### EXERCISE DETAILS:
Lines from the line with "Gallery Eyeglasses JONES" to the line with "공지사항 페이지 바로가기" in the entries below, and only those, must be output exactly, with both ends included.
[DATA FOR ANALYSIS — start]
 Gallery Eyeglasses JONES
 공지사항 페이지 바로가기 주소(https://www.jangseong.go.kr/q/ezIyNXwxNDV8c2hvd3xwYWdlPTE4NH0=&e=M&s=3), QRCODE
[DATA FOR ANALYSIS — finish]
[DATA FOR ANALYSIS — start]
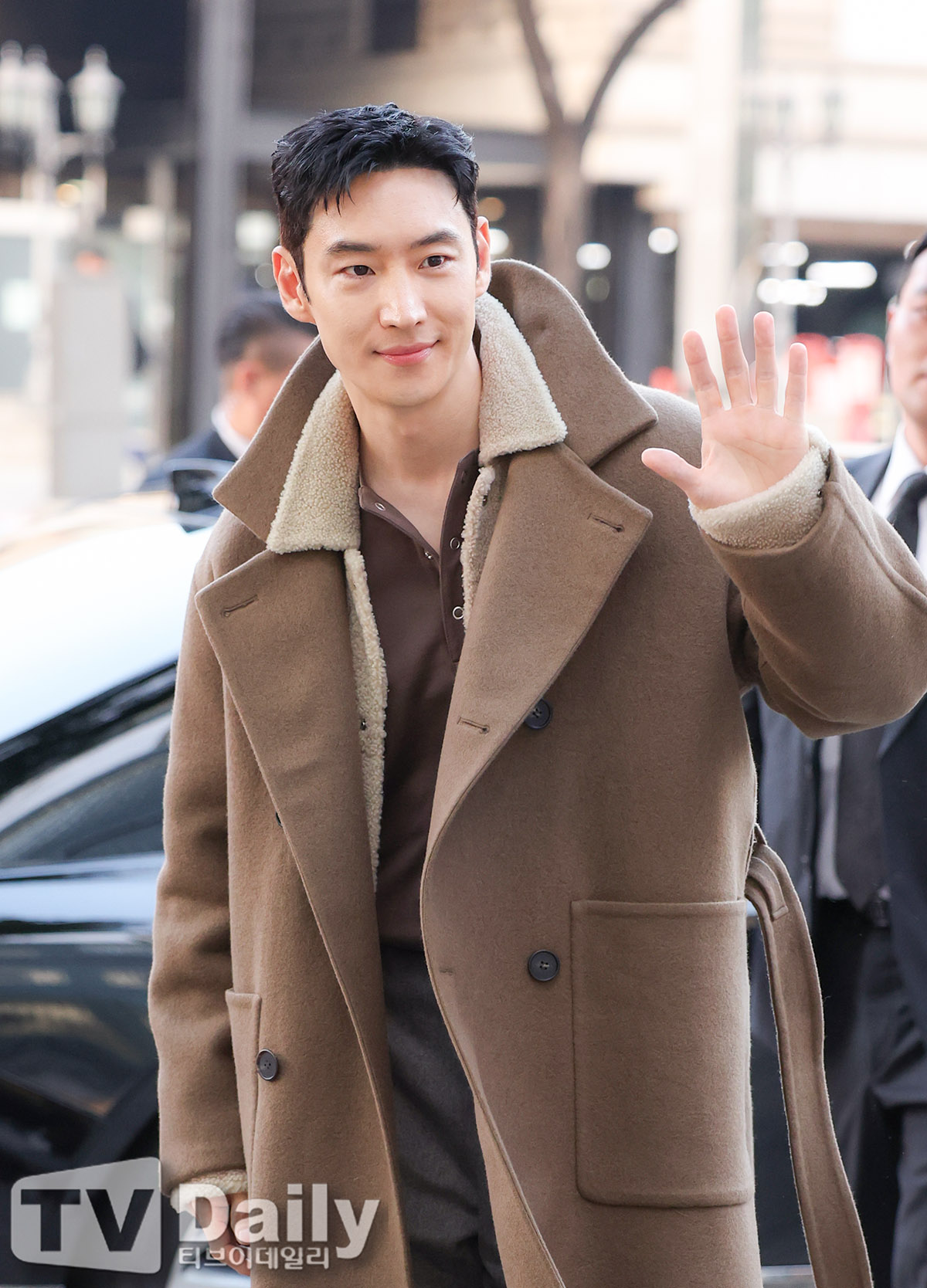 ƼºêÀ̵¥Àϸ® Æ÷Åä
[DATA FOR ANALYSIS — finish]
[DATA FOR ANALYSIS — start]
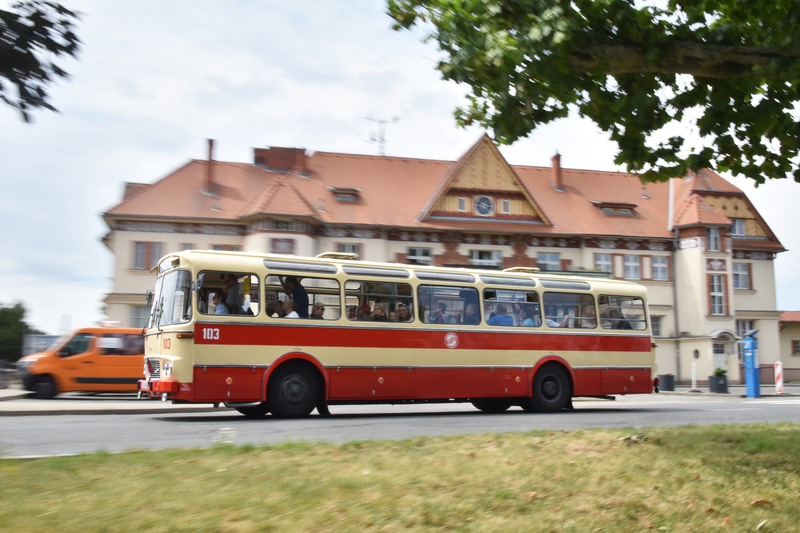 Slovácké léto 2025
[DATA FOR ANALYSIS — finish]
### WORKED SOLUTION:
 Gallery Eyeglasses JONES
 공지사항 페이지 바로가기 주소(https://www.jangseong.go.kr/q/ezIyNXwxNDV8c2hvd3xwYWdlPTE4NH0=&e=M&s=3), QRCODE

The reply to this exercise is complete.